After 20 years of “Gunsmoke,” many fans wondered what happened to star James Arness in his golden years.
How could they forget the TV star who acted for 20 years on their television screens?
In 1998, a TV Guide survey of 50,000 readers said “Gunsmoke” was their favorite western. The readers also called Arness the “greatest gunslinger” from all the shows in the CBS library.
Arness On Life After “Gunsmoke”
The actor didn’t stop his love of acting in westerns after “Gunsmoke” ended. It’s kind of wild that Arness bounced around Hollywood for ten years before he found success on the CBS show.
In a 2001 Biography magazine article, the former Marshal Matt Dillon actor talked about starring in “How the West Was Won.” The role as mountain man Zeb Macahan caught on with European audiences and gained him cult status.
The older brother of “Mission: Impossible” star Peter Graves also played a police officer in “McClain’s Law” with former “Barnaby’s Law” star Marshall Colt.

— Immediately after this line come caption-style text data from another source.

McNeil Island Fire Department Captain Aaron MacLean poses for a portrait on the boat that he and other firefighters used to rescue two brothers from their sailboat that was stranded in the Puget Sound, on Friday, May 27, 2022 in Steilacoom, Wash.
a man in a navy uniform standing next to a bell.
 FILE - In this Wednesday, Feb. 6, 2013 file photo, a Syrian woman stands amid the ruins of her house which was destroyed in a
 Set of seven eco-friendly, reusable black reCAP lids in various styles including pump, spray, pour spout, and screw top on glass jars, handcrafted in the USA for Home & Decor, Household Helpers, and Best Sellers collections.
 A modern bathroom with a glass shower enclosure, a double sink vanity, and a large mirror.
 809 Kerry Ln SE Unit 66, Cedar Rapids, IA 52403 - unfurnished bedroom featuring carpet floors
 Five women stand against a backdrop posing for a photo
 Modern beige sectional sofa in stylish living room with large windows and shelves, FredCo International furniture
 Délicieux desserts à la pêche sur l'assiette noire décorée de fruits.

But Arness had to return to that famous Dillon character that made him a star a few times. He also worked in five more made-for-TV “Gunsmoke” movies from 1978 to 1994. Arness worked almost until the end, starring his last “Gunsmoke V: One Man’s Justice” production at 71.
After that last movie, he enjoyed life with his second wife, Janet. The two worked on charity projects. Arness did the best he could as his bad leg (a World War II injury that earned him a purple heart) caught up with him.
The GunsmokeNet website mentioned the actor finished his autobiography in 2001. Former “Gunsmoke” co-star Burt Reynolds wrote the book’s forward.
Arness told Biography Magazine that he often reflected on his entertainment career. “It really has been a great career, a great life,” Arness said.
He died in 2011 at age 88.
‘Gunsmoke’ Star Known To Watch His Show
Stars these days will lament that they hate watching themselves on film or television.
Maybe it’s just a matter of time before they’d get curious and go back.
James Arness wasn’t afraid to look back at his old “Gunsmoke” performances in syndication. The show left the CBS airwaves in 1975 after a 20-year run. The series produced an astounding 635 episodes.
The website GunsmokeNet.com recounted an Amarillo (Texas) Globe-Mail interview where Arness said reflected on the show. The longtime actor said the shows were “they’re interesting to watch all these years later.”
The towering 6-foot-7 actor had quite a 47-year career. He worked in showbiz and got an excellent opportunity to work with one of his mentors, John Wayne. Wayne introduced Arness to the TV world in the first screen episode. For years, the famous Dodge City show was on the radio airwaves.